THE TASK: With the pictures left out, every record must be reproduced exactly.

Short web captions
========================================================================

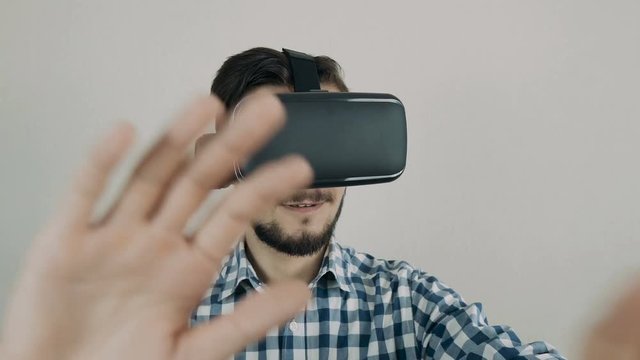 Close up shot of a young bearded man wearing virtual reality glasses - surfing net via virtual reality interface.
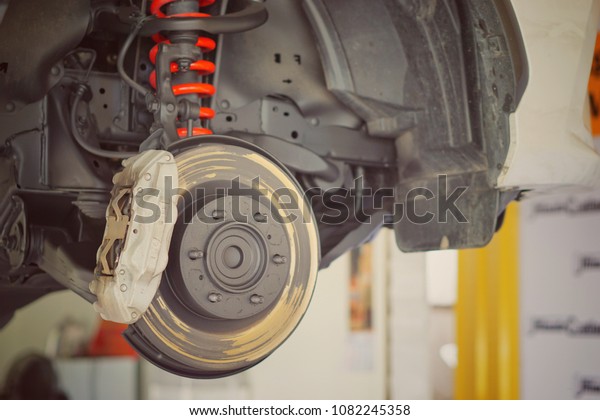 Disc brake of the vehicle for repair, in process of\
new tire replacement. Car brake repairing in service car.Close\
up.
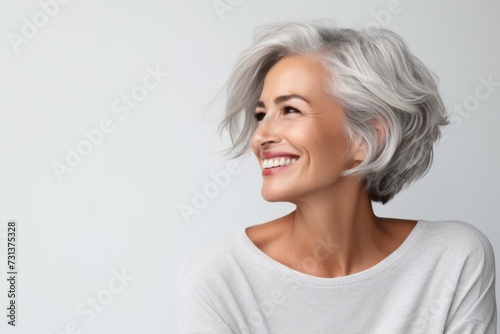 Portrait of a beautiful middle aged woman with grey hair smiling against grey background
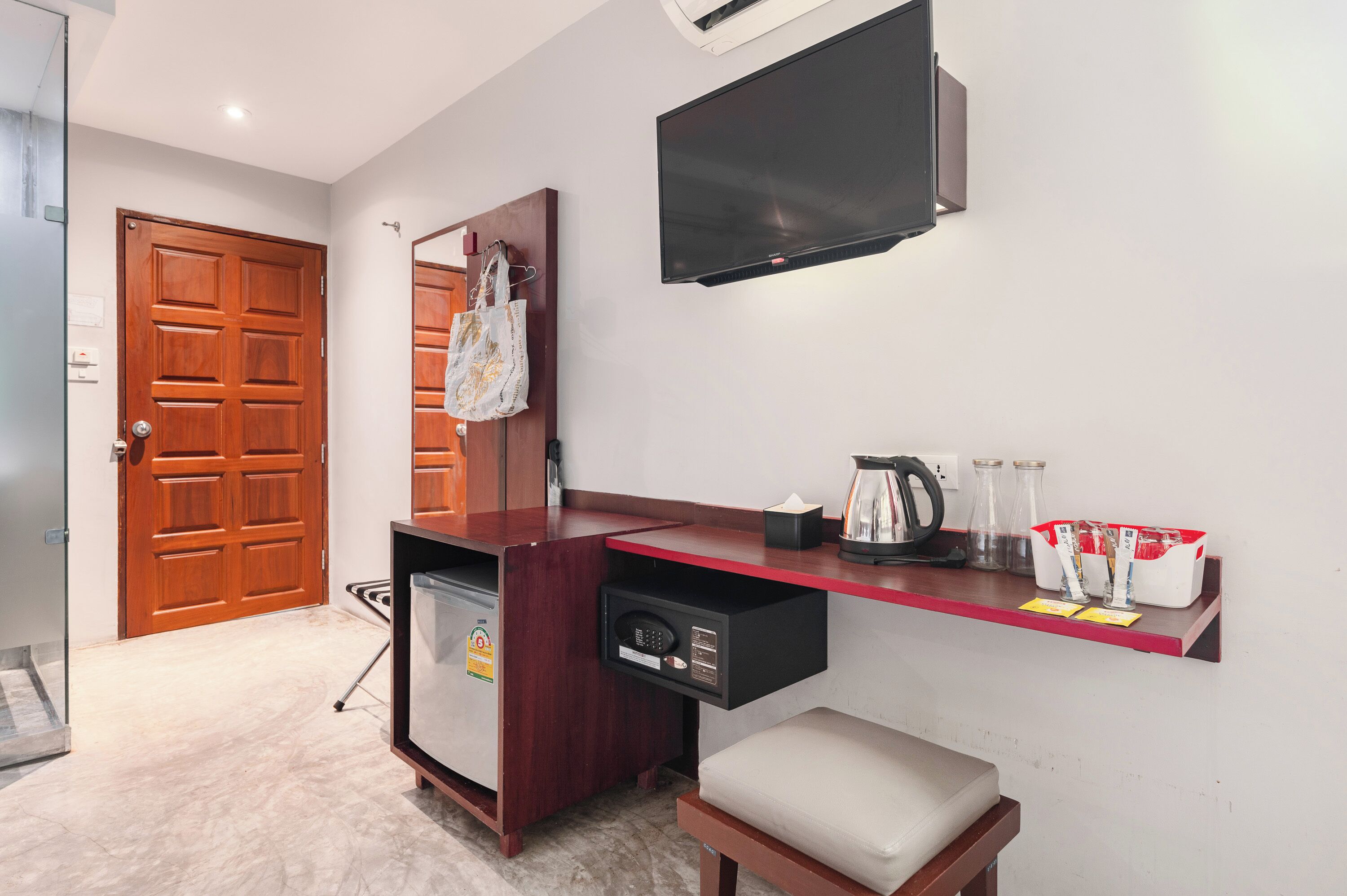 A hotel room with a wooden door, a desk with a computer, a TV mounted on the wall, and a small seating area.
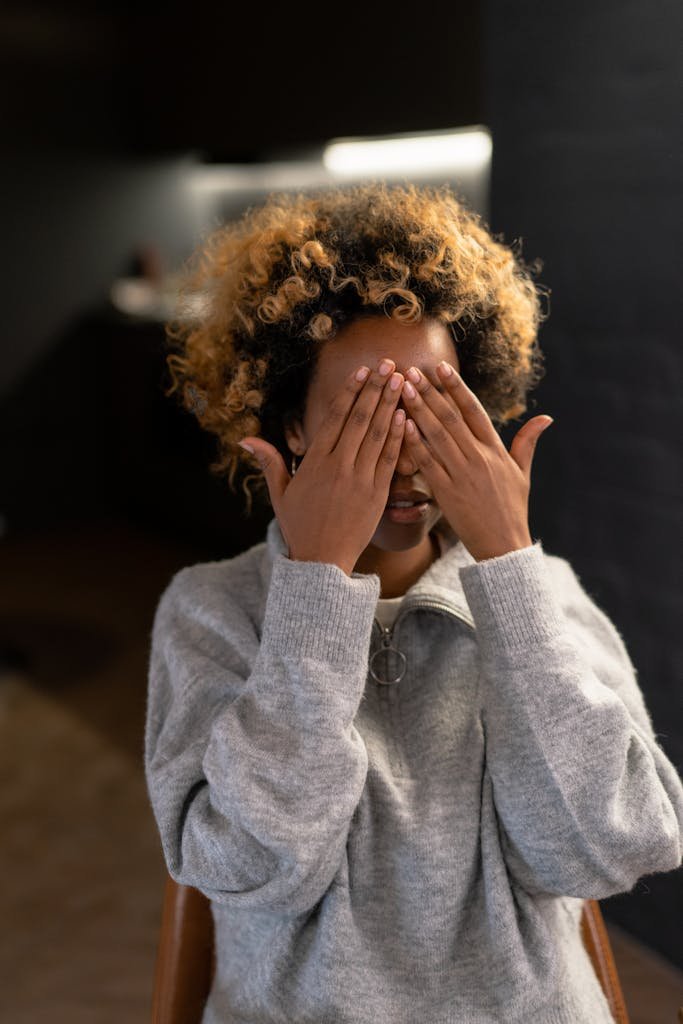 A woman with afro hair playfully covers her face with her hands indoors.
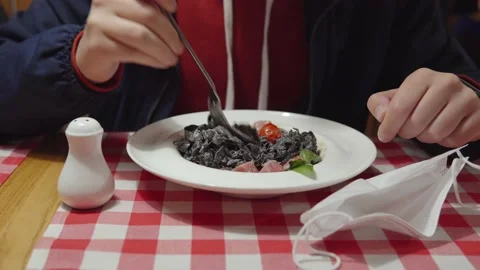 A vaccinated man eats black pasta with cuttlefish ink and fresh tuna. Quarantine Stock Footage 161931059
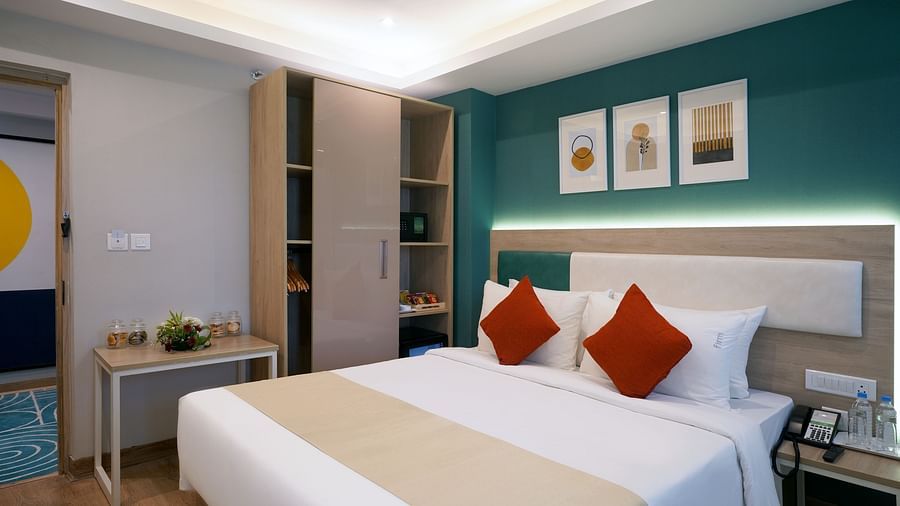 An image of a bed room with a neatly arranged bed, a bed side table, a wardrobe, a study table and modern decor - Sarovar Portico, Kolkata Rajarhat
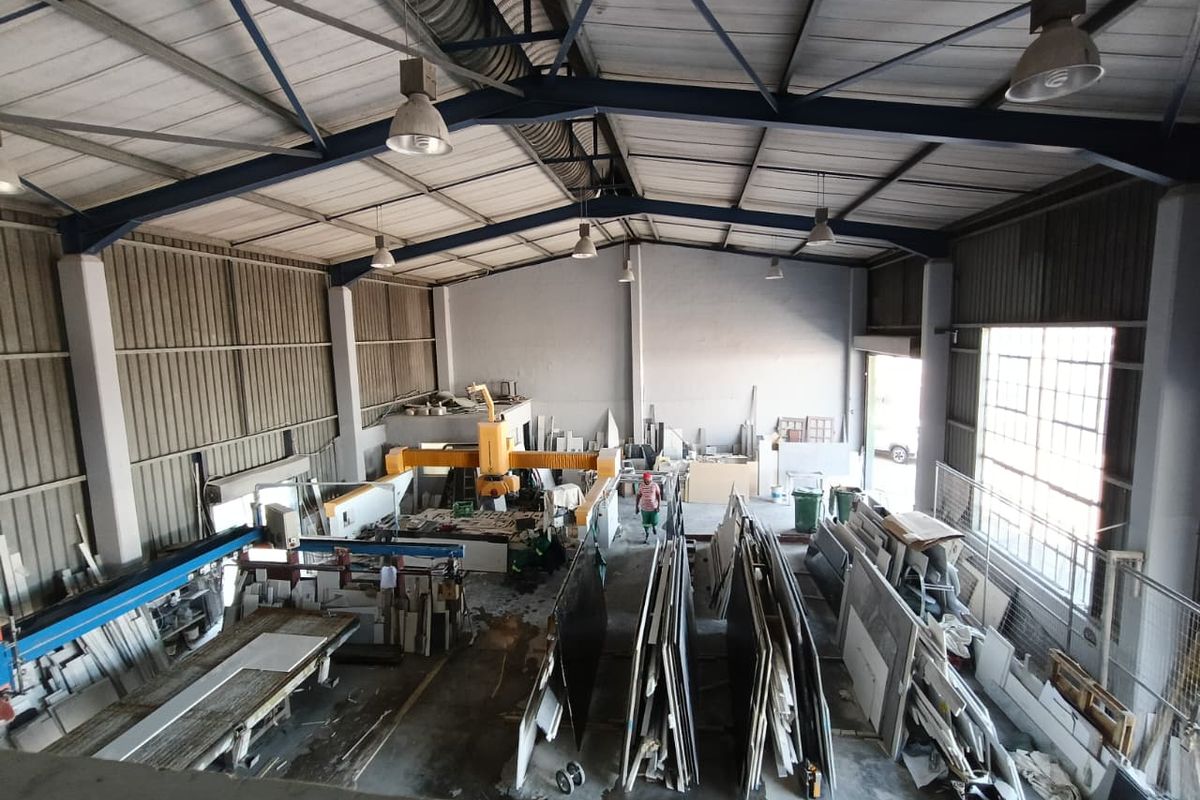 Spacious industrial warehouse facility featuring high ceilings with exposed steel trusses, concrete flooring, and large windows providing ample natural light.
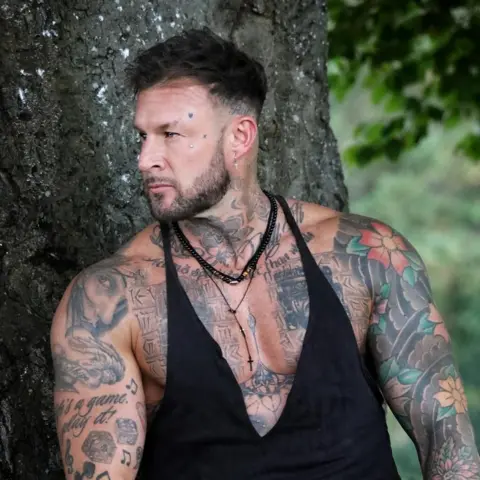 Captureyephotography/Kirk Richards Luke is pictured posing with his tattoos in front of a tree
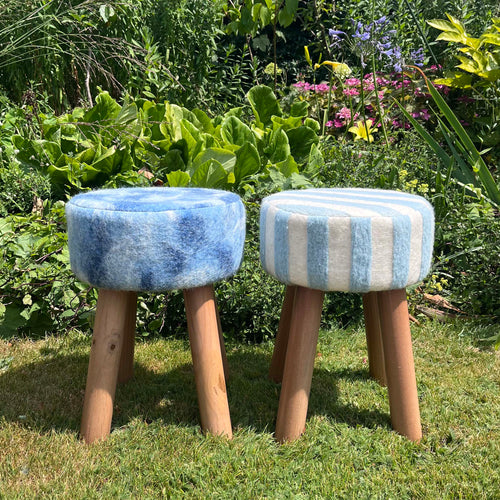 Two round upholstered stools with wooden legs placed on grass in a garden. The left stool has a blue wool seat, and the right stool has light blue and white vertical stripes, also made from felted British wool. 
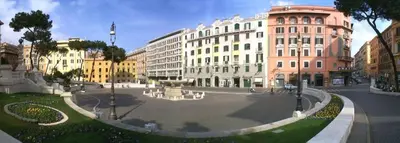 a large courtyard in a city with buildings at Hotel Dorica in Rome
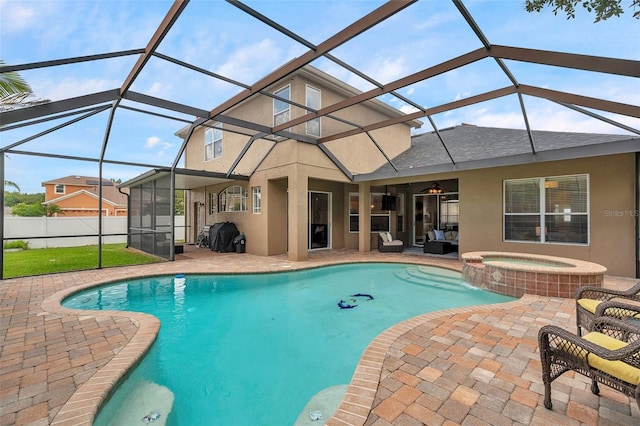 31646 Baymont Loop, Wesley Chapel, FL 33543 - view of swimming pool with a patio area, a ceiling fan, a pool with connected hot tub, and glass enclosure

========================================================================

YOUR RESPONSE:
 Close up shot of a young bearded man wearing virtual reality glasses - surfing net via virtual reality interface.
 Disc brake of the vehicle for repair, in process of\
new tire replacement. Car brake repairing in service car.Close\
up.
 Portrait of a beautiful middle aged woman with grey hair smiling against grey background
 A hotel room with a wooden door, a desk with a computer, a TV mounted on the wall, and a small seating area.
 A woman with afro hair playfully covers her face with her hands indoors.
 A vaccinated man eats black pasta with cuttlefish ink and fresh tuna. Quarantine Stock Footage 161931059
 An image of a bed room with a neatly arranged bed, a bed side table, a wardrobe, a study table and modern decor - Sarovar Portico, Kolkata Rajarhat
 Spacious industrial warehouse facility featuring high ceilings with exposed steel trusses, concrete flooring, and large windows providing ample natural light.
 Captureyephotography/Kirk Richards Luke is pictured posing with his tattoos in front of a tree
 Two round upholstered stools with wooden legs placed on grass in a garden. The left stool has a blue wool seat, and the right stool has light blue and white vertical stripes, also made from felted British wool. 
 a large courtyard in a city with buildings at Hotel Dorica in Rome
 31646 Baymont Loop, Wesley Chapel, FL 33543 - view of swimming pool with a patio area, a ceiling fan, a pool with connected hot tub, and glass enclosure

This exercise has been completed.